### What you have to do
Output the listing exactly as written, apart from its pictures.

### Data below
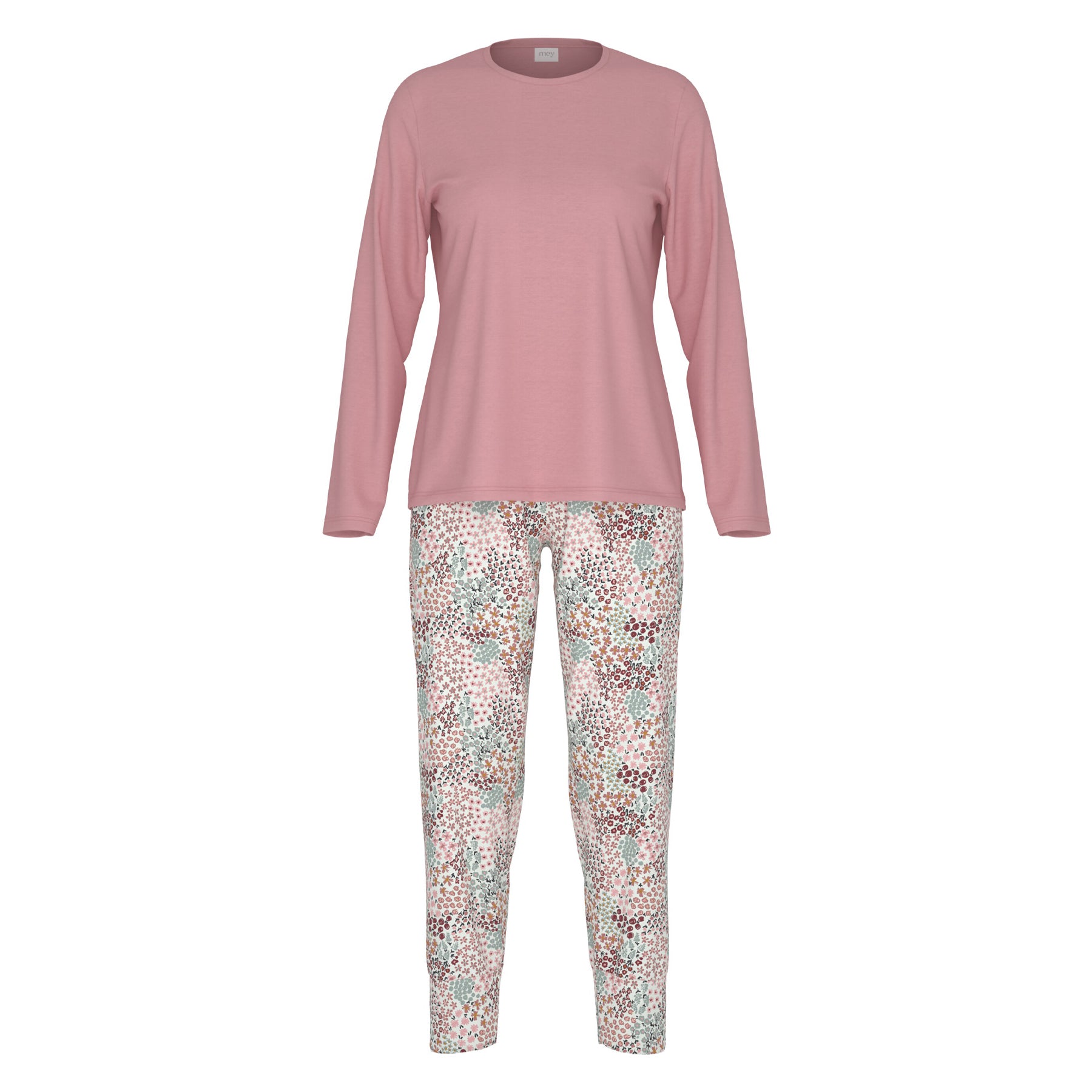 Women’s pyjama set with blush pink long-sleeve top and floral print pants in soft pastel tones.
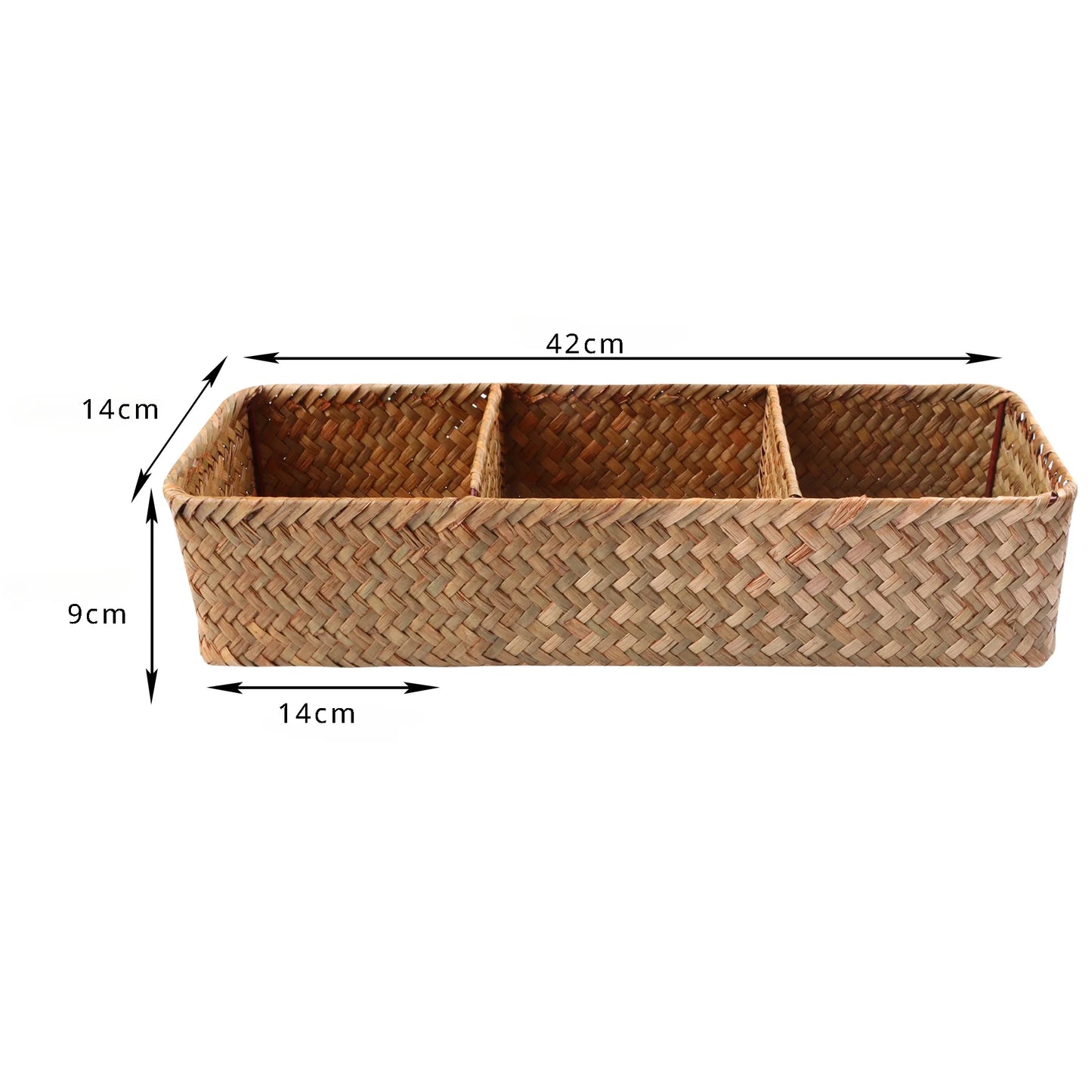 Hand Woven Storage Baskets with Lid - Rectangular Dust-Proof Clothing Storage Box, 3-Grid Wardrobe Container for Sundries Organizer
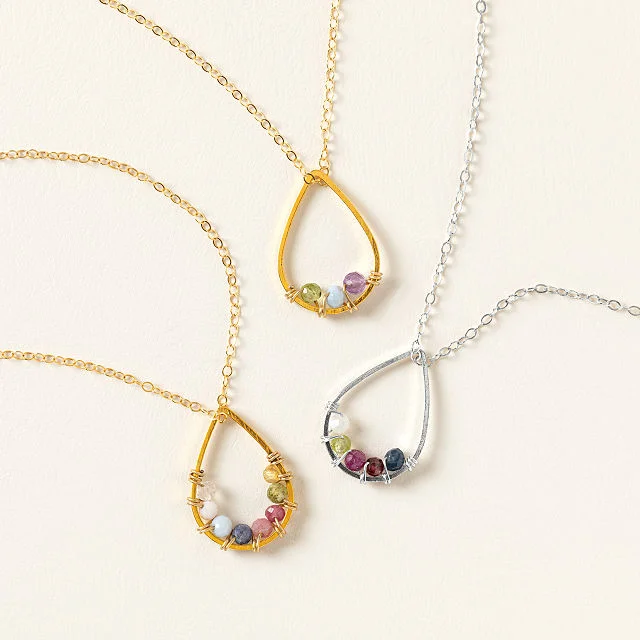Custom Birthstone Cluster Necklace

### Response to the task
 Women’s pyjama set with blush pink long-sleeve top and floral print pants in soft pastel tones.
 Hand Woven Storage Baskets with Lid - Rectangular Dust-Proof Clothing Storage Box, 3-Grid Wardrobe Container for Sundries Organizer
Custom Birthstone Cluster Necklace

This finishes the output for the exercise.